Quantum state tomography entails reconstructing a system’s quantum state description from a series of quantum experiments. While a state vector characterizes the state of an ideal quantum system, a density matrix ρ delineates the state of an open quantum system. QST aims to rebuild or approximate this density matrix, through a consecutive set of repeated measurements.

To achieve this, the quantum state is initially prepared using a state preparation circuit, followed by a sequence of measurements corresponding to different operators. The resultant measurement data are utilized to approximate or reconstruct the state. Various techniques [55–59] have been developed to reconstruct a physically valid representation of the density matrix, reflecting the actual state obtained in the system, from the measured data. Additional studies of QST in noisy environments [60–63] have also provided valuable insights.

Here, we conduct QST experiments for the universal two-qubit Sycamore gate. The experiments are performed in three different environments: a noisy simulated environment, a noise-free, and on a real IBM Quantum’s quantum computer. For our experiments, we utilized the qasm_simulator [64] configured to simulate the perfect (noiseless) quantum computer. Additionally, we employed the 27-qubit IBM noisy simulator [64], which incorporates decoherence effects from earlier experimental implementations to compare with real (noisy) quantum computing architectures. Here, the input state of the Sycamore gate is prepared as the \(|{0}\rangle \otimes |{0}\rangle \) state. In the context of this paper, the notation xy serves as shorthand for the \(|{x}\rangle \otimes |{y}\rangle \) state, where x and y represent the binary values 0 or 1.

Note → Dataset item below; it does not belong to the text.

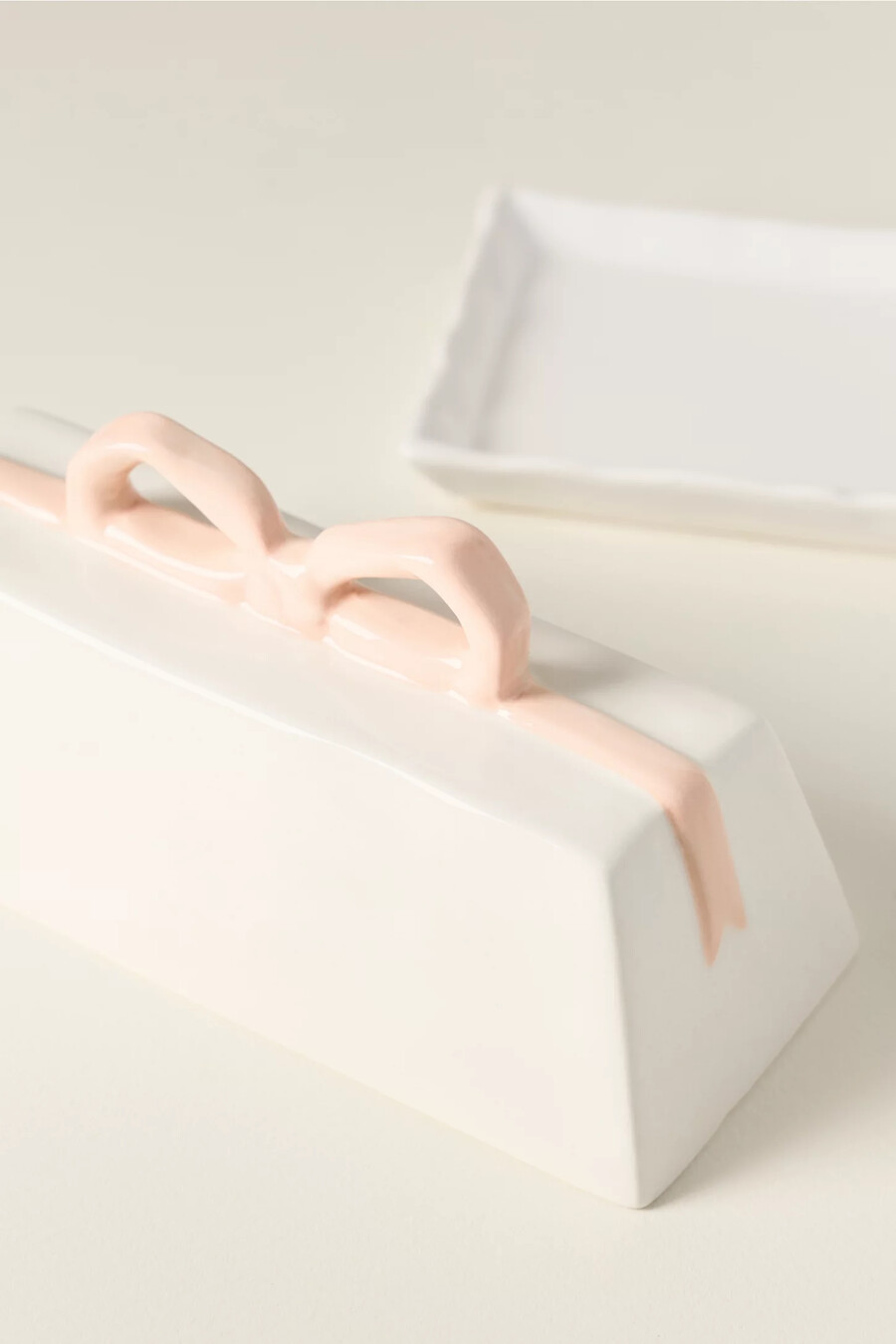 benedita bow butterdose aus keramik-steingut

In these experiments, measurements of all qubits in the X, Y, and Z Pauli bases \(\{X,Y,Z\} \otimes \{X,Y,Z\} \) are added to the appended state preparation circuit of Sycamore gate. This necessitates the execution of nine measurement circuits for the two-qubit Sycamore gate. The resultant 36 measurement outcomes across all circuits, as depicted in Fig. 6, yield a tomographically overcomplete basis, facilitating the reconstruction of the quantum state.

Figure 6

Experimental measurements over all QST circuits for the two-qubit Sycamore gate. The experimental data were extracted from the nine measurement circuits performed in the QST experiments. Moreover, the ultimate outcomes encompass the 36 measurement results across all circuits and qubits within the Pauli bases \(\{XX,XY,XZ\}\), \(\{YX,YY,YZ\}\) and \(\{ZX,ZY,ZZ\} \) are presented. The experiments were run for 4000 repeated shots for each measurement basis, with a total running time of 13.8 s on the real IBM Quantum’s quantum machine, ibm_oslo

We utilize this data to reconstruct density matrices for the Sycamore gate, as illustrated in Fig. 7. This figure showcases both the real and imaginary components of the reconstructed density matrices derived from conducting QST experiments with 4000 repeated shots for each measurement basis. The state fidelity for two input states (density matrices) is computed as follows:

$$ {\mathcal{F}}_{s}(\rho _{\mathrm{{ theor.}}},\, \rho _{\mathrm{{ exper.}}})= \Bigl( \operatorname{Tr} [\sqrt{\sqrt{\rho _{\mathrm{{ theor.}}}} \, \rho _{ \mathrm{{ exper.}}}\, \sqrt{\rho _{\mathrm{{ theor.}}}}} \, ] \Bigr)^{2}, $$

(6)

where \(\rho _{\mathrm{{ exper.}}}\) and \(\rho _{\mathrm{{ theor.}}}\) are experimental and theoretical density matrices, respectively. Our results demonstrate a state fidelity \({\mathcal{F}}_{S}\) of 94.65%, \(98.59\%0\) and 88.25% respectively, corresponding to QST experiments for Sycamore gate in a noisy simulated environment, noise-free, and on the ibm_oslo quantum computer.

Figure 7

Real (\(\mathrm{Re.}(\rho )\)) and imaginary (\(\mathrm{Im.}(\rho )\)) parts of the density matrices; reconstructed from QST experiments of the two-qubit Sycamore gate. (a) The ideal density matrix represents theoretical expectations. (b) QST experiments conducted in noise-free environment. (c) QST experiments implemented in a noisy simulated environment. (d) QST experiments executed on an IBM Quantum’s real quantum computer. These experiments were executed for 4000 repeated shots in each environment. The state fidelity \({\mathcal{F}}_{S}\) corresponding to the above-mentioned environments are 0.9859, 0.9465, and 0.8824, respectively. The experiments had a running time of 13.8 seconds

Table 2 provides details regarding qubit properties as well as the system experimental parameters during executing the QST experiment of the Sycamore gate on the ibm_oslo quantum computer. Figure 14 (appears in the Appendix) illustrates the machine’s performance during the execution of the QST experiments, including readout errors and parameter distributions for each qubit over the ibm_oslo quantum computer.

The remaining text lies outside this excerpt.